• [Problem]: In the data below, count how many lines contain "Ford" and give that number by itself.

Content starts

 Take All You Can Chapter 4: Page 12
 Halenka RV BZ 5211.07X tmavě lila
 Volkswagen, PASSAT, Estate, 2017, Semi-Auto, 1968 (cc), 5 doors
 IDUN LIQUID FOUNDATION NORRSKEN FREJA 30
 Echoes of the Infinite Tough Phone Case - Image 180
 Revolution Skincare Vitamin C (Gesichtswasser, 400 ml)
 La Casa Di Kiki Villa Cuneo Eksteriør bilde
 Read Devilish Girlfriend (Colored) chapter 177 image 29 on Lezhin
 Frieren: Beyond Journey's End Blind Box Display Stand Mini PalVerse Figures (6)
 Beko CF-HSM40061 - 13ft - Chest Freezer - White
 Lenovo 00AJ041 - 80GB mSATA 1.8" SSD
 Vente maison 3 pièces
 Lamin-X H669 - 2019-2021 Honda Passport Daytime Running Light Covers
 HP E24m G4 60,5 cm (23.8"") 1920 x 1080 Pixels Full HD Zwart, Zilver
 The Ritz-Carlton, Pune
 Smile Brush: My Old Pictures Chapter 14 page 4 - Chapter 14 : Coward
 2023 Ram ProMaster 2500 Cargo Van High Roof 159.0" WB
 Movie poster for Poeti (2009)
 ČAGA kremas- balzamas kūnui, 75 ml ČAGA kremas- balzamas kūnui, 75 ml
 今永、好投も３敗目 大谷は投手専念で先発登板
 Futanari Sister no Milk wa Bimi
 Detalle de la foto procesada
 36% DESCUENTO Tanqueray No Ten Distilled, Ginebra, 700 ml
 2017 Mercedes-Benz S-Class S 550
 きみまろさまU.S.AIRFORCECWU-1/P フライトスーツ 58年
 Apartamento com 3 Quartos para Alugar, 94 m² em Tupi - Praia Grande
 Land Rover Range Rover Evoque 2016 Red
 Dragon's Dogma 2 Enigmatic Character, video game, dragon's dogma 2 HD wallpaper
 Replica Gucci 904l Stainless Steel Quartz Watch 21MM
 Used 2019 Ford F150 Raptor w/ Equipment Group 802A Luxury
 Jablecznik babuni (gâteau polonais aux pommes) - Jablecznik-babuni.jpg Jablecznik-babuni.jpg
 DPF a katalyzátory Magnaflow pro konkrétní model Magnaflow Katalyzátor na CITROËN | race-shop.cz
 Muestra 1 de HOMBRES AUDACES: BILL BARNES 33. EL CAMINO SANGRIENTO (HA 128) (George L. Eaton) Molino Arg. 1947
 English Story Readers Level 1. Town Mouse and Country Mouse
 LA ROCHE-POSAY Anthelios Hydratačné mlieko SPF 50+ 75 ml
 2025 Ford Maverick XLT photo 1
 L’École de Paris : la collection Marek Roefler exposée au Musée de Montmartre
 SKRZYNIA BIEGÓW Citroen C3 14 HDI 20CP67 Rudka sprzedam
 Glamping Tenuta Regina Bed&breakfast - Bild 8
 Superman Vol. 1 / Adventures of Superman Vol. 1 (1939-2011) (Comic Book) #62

Content ends

• [Answer space]: 2